TRY IT:
From the first line to the last, copy the data exactly and drop the pictures.

Data excerpts:
···

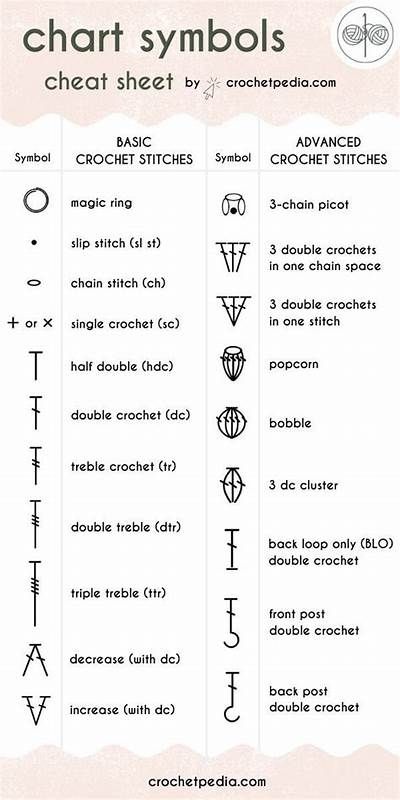 Crochet Chart Symbols - Cheat Sheet! Crochet With Acrylic Yarn Free Pattern, Quick Cute Crochet Projects, Free Crochet Patterns Beginners, Crochet Written Patterns, Fast Crochet Patterns, Crochet Stitches List, Teaching Crochet, Jaket Crochet, Projek Mengait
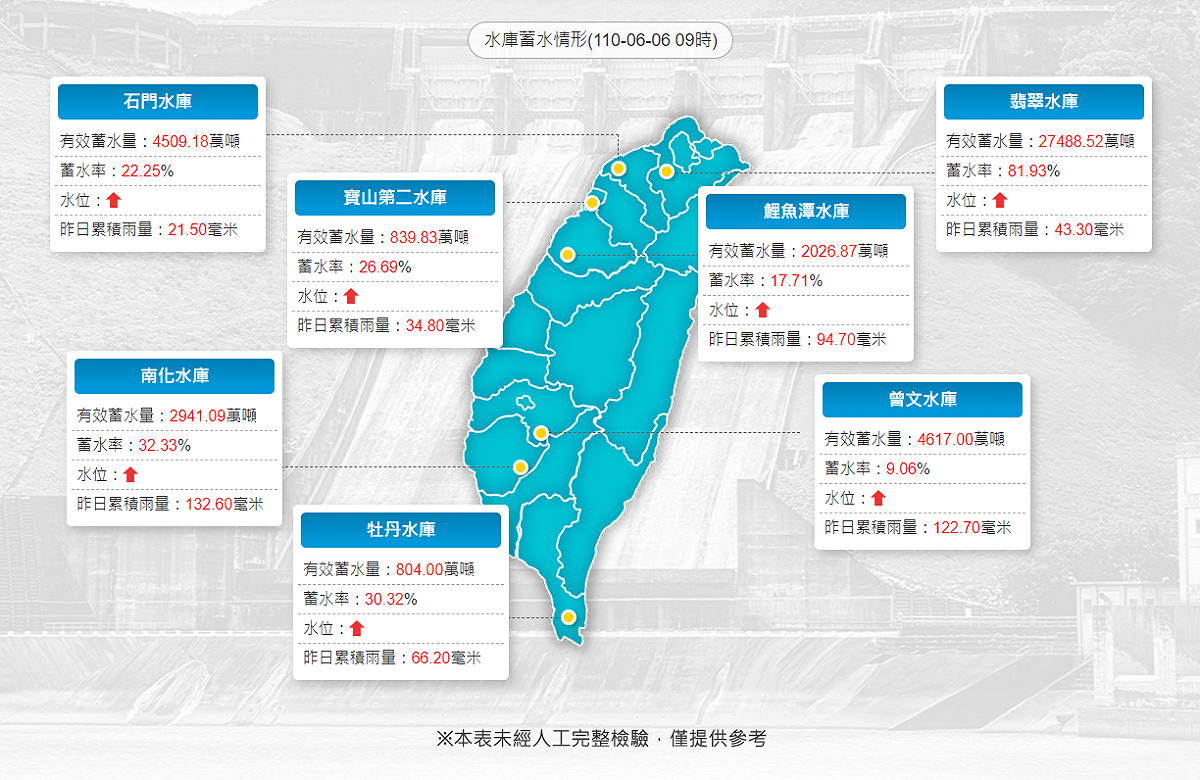水庫最新蓄水一覽。 圖：翻攝自水利署網站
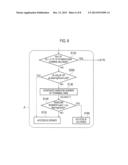 METHOD OF BARRING ACCESS TO NETWORK, MOBILE DEVICE FOR THE METHOD, AND     PROCESSOR USED IN MOBILE DEVICE diagram and image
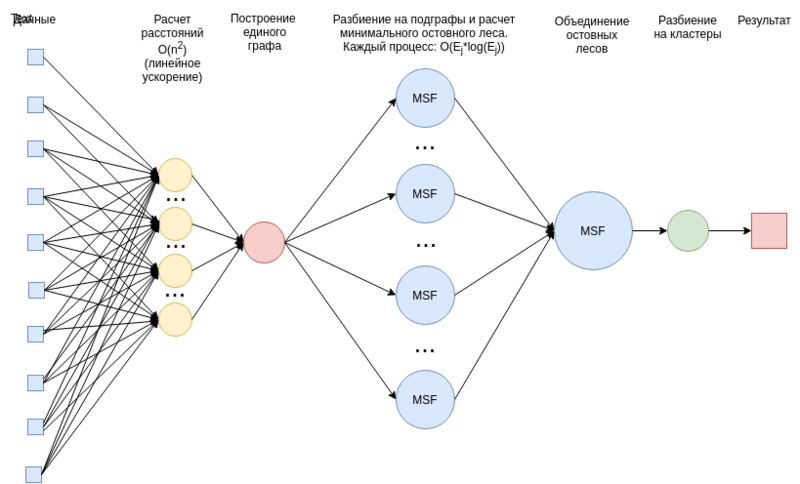 File:GraphAlg3.png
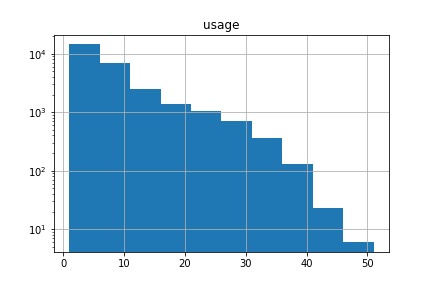 -DataSoundsNicetoMe – screenshot 4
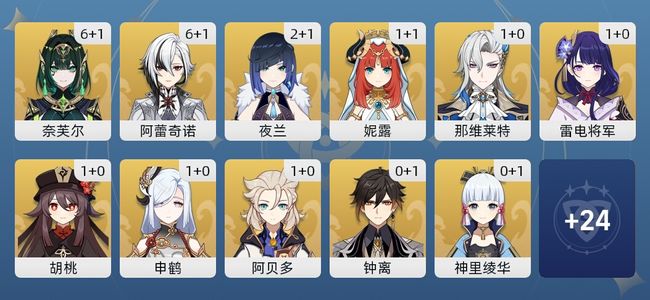 原神92黄 75角色黄 17武器黄 35五星角色 16五星武器 女主 60级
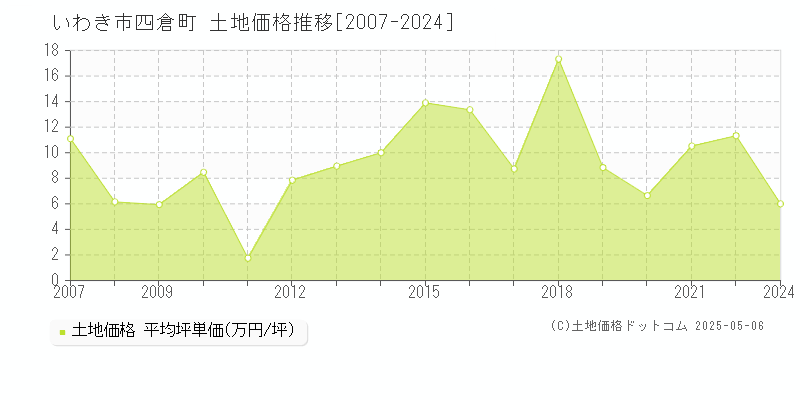 四倉町(いわき市)の土地価格推移グラフ(坪単価)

···

RESPONSE:
 Crochet Chart Symbols - Cheat Sheet! Crochet With Acrylic Yarn Free Pattern, Quick Cute Crochet Projects, Free Crochet Patterns Beginners, Crochet Written Patterns, Fast Crochet Patterns, Crochet Stitches List, Teaching Crochet, Jaket Crochet, Projek Mengait
水庫最新蓄水一覽。 圖：翻攝自水利署網站
 METHOD OF BARRING ACCESS TO NETWORK, MOBILE DEVICE FOR THE METHOD, AND     PROCESSOR USED IN MOBILE DEVICE diagram and image
 File:GraphAlg3.png
 -DataSoundsNicetoMe – screenshot 4
 原神92黄 75角色黄 17武器黄 35五星角色 16五星武器 女主 60级
 四倉町(いわき市)の土地価格推移グラフ(坪単価)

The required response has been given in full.